Required action:
Taking the entries below, transcribe only the lines starting with the one with "Think of the" and going on through the one with "Now you're supposed", exactly as written, without the pictures.

[[ Data, beginning ]]

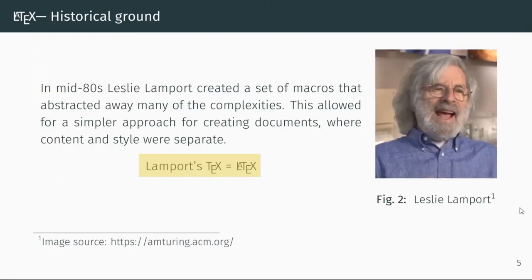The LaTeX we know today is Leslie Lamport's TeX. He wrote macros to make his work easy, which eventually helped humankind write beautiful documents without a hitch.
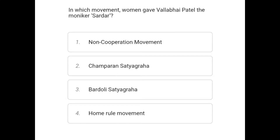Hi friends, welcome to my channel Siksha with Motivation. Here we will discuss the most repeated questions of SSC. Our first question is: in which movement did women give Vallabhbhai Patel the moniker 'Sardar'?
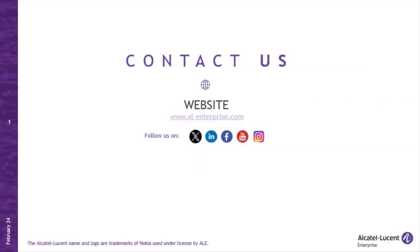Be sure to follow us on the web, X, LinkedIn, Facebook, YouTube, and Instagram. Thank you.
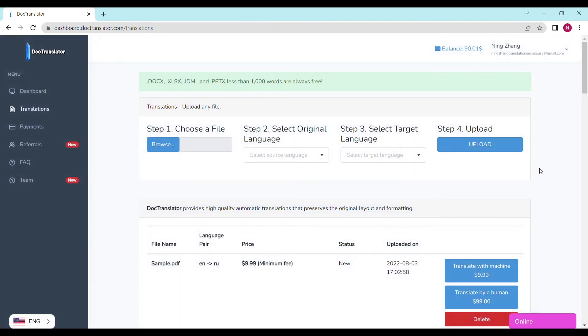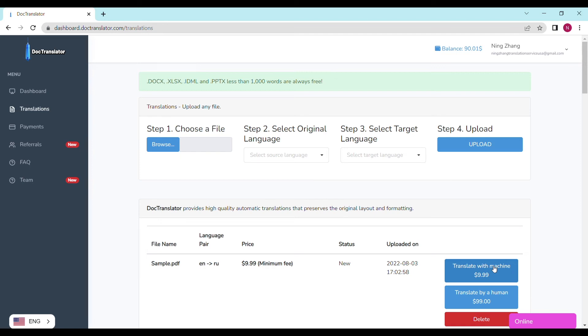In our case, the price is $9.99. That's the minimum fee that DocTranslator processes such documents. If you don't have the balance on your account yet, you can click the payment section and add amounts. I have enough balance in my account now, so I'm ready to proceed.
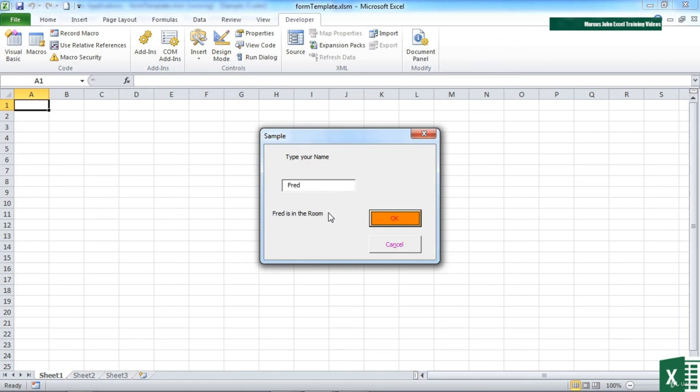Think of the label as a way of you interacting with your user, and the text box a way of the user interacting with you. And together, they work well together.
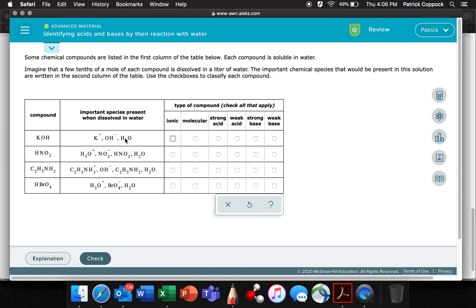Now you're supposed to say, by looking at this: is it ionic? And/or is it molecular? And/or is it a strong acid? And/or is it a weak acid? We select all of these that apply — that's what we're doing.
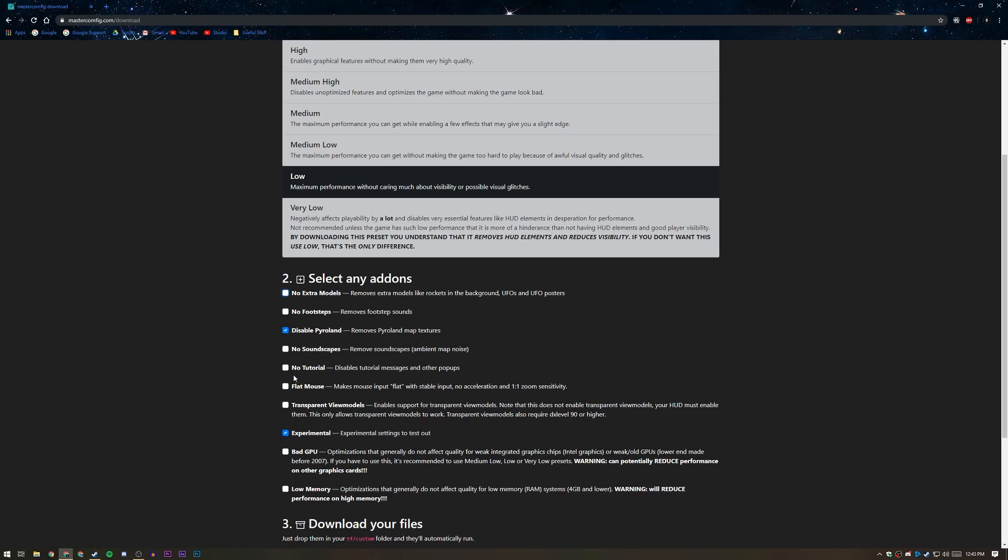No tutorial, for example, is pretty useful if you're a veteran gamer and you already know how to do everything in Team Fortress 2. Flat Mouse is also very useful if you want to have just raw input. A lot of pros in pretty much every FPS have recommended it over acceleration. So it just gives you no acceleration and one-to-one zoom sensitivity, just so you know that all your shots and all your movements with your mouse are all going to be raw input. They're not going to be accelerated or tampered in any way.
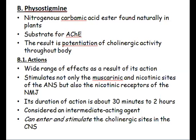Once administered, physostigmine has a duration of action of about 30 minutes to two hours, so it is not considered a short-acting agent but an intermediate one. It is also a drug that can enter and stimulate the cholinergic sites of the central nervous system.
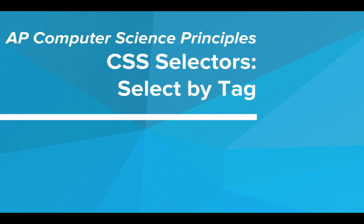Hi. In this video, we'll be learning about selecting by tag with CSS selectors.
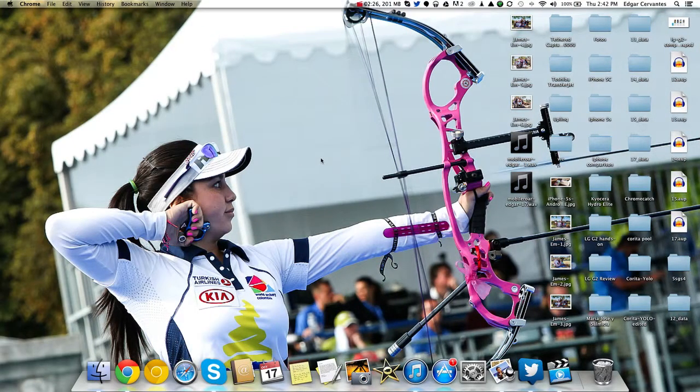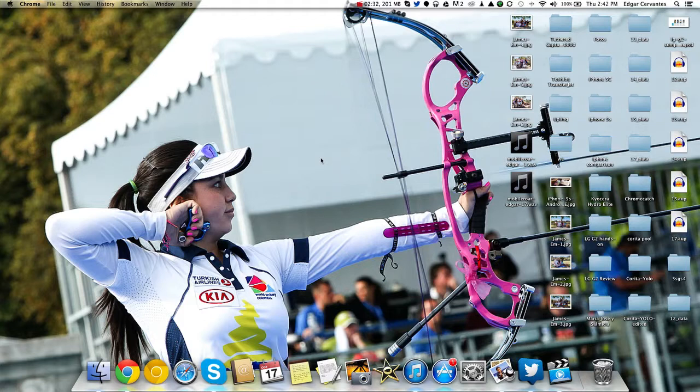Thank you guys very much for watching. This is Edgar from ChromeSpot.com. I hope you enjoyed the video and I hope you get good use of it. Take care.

[[ Data, end ]]

Finished task:
Think of the label as a way of you interacting with your user, and the text box a way of the user interacting with you. And together, they work well together.
Now you're supposed to say, by looking at this: is it ionic? And/or is it molecular? And/or is it a strong acid? And/or is it a weak acid? We select all of these that apply — that's what we're doing.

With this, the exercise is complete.